3. in current state the VM shutdown is being executed using virtsh shutdown and after 15 sec the KVM process is being killed so the VM did not have time to properly shutdown which can (and will) lead for corruption. (i had one) we need to increase the timeout between the shutdown of the VM and the process being killed (100~120 sec. should be fine)

Comment 15 yeylon@redhat.com 2010-06-29 11:20:02 UTC

looks like at this stage rhev-check.sh does not work as expected. the 5 min timeout for starting a VM never ends.

1. migrate the VM service.
2. as soon as the VM was relocated kill the KVM process on the server
3. see that the rhev-check keep getting errors but will not try to migrate the service once again after 5 min as expected but only after half an hour.

this will require respin.

Comment 20 errata-xmlrpc 2010-08-25 06:33:37 UTC

An advisory has been issued which should help the problem
described in this bug report.
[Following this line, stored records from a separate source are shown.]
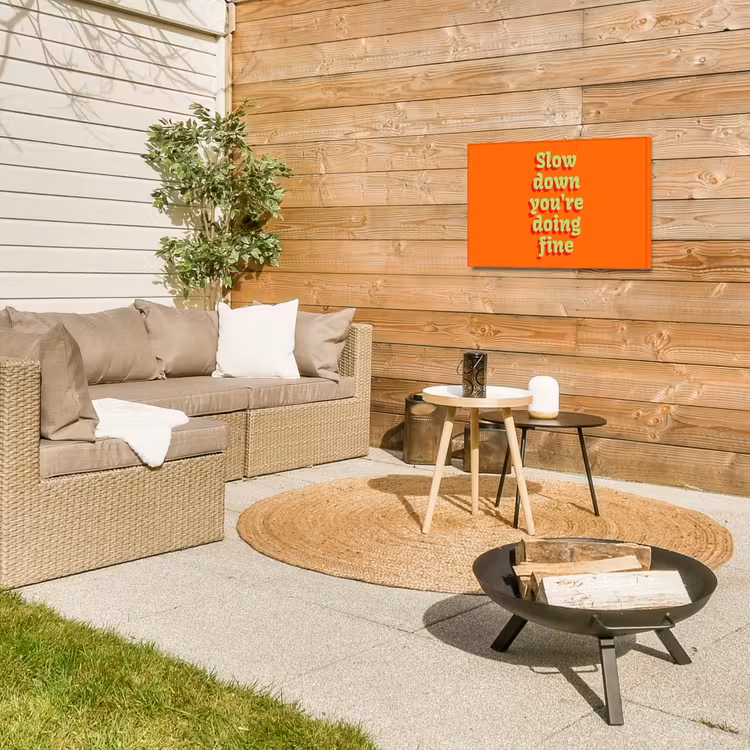 Oranje - Slow down you're doing fine - Retro Tuinposter op houten frame 2 cm dik klein -sfeer2
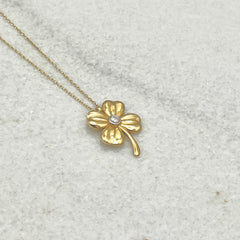 585 Cloveria Kette aus Gelbgold 14K – glänzende Oberfläche Detailaufnahme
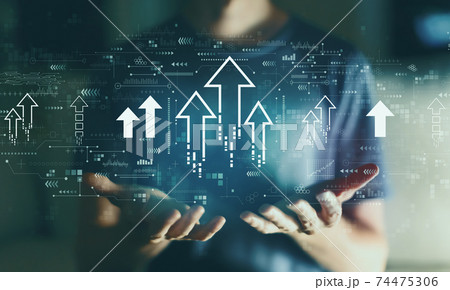 Rising arrow theme with young man Rising arrow theme with young man 74475306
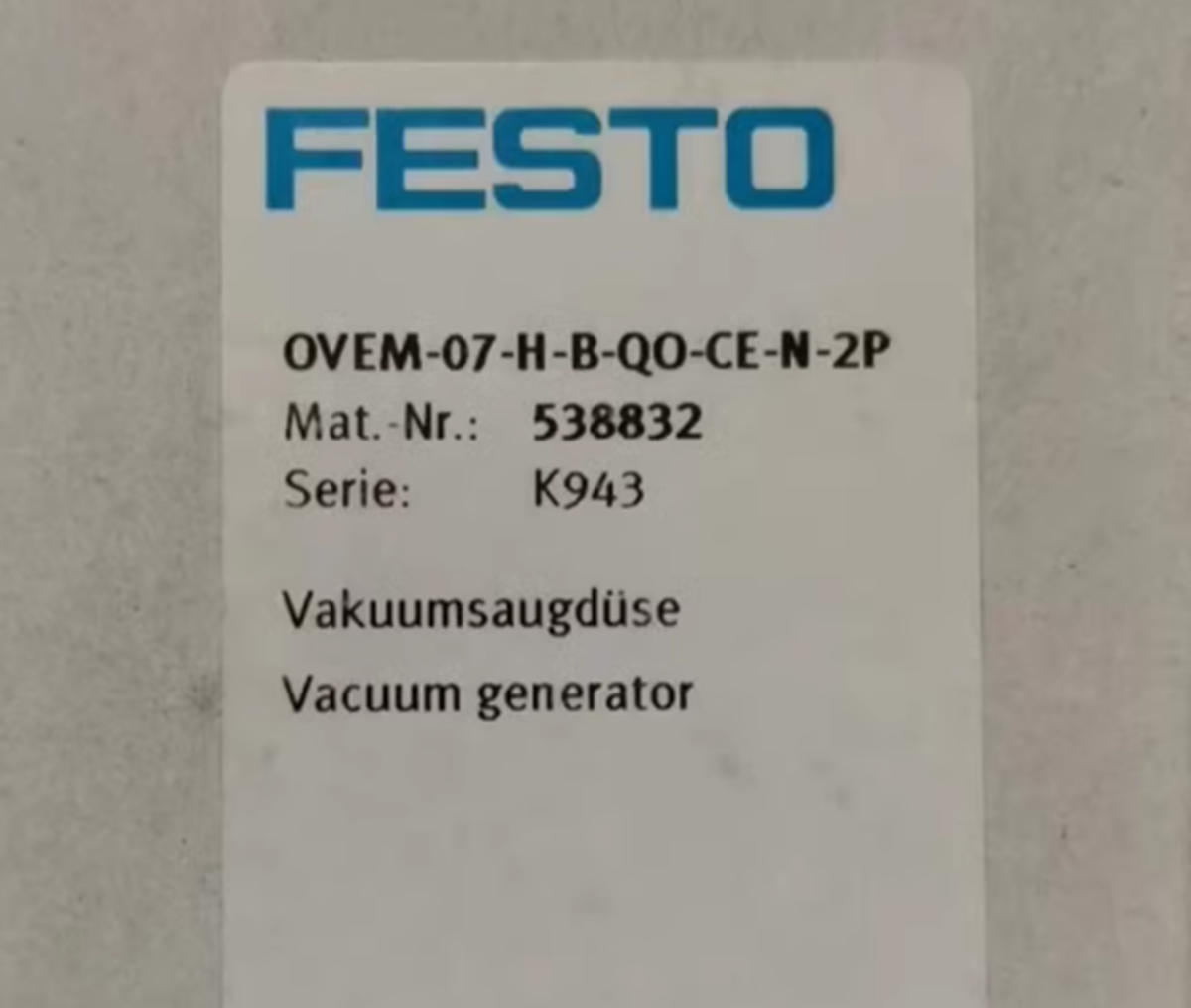 OVEM-07-H-B-QO-CE-N-2P 538832 Vacuum Generator - FESTO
This report is therefore being
closed with a resolution of ERRATA. For more information
on therefore solution and/or where to find the updated files,
please follow the link below. You may reopen this bug report
if the solution does not work for you.

http://rhn.redhat.com/errata/RHBA-2010-0647.html

Comment 21 Florian Nadge 2010-10-18 17:33:09 UTC

    Technical note added. If any revisions are required, please edit the "Technical Notes" field
    accordingly. All revisions will be proofread by the Engineering Content Services team.
    
    New Contents:
previously, vm.sh only checked the status of the VM itself, not the status of any services inside. With this update, administrators may now use a newly provided status check program which checks the availability of services within virtual machines running Red Hat Enterprise Virtualization Manager. Timeouts for starting and stopping virtual machines are now configurable in cluster.conf. The start timeout is based on the status check program.

Comment 22 Florian Nadge 2010-10-18 17:33:21 UTC

    Technical note updated. If any revisions are required, please edit the "Technical Notes" field
    accordingly. All revisions will be proofread by the Engineering Content Services team.
    
    Diffed Contents:
@@ -1 +1 @@
-previously, vm.sh only checked the status of the VM itself, not the status of any services inside. With this update, administrators may now use a newly provided status check program which checks the availability of services within virtual machines running Red Hat Enterprise Virtualization Manager. Timeouts for starting and stopping virtual machines are now configurable in cluster.conf. The start timeout is based on the status check program.+Previously, vm.sh only checked the status of the VM itself, not the status of any services inside. With this update, administrators may now use a newly provided status check program which checks the availability of services within virtual machines running Red Hat Enterprise Virtualization Manager. Timeouts for starting and stopping virtual machines are now configurable in cluster.conf. The start timeout is based on the status check program.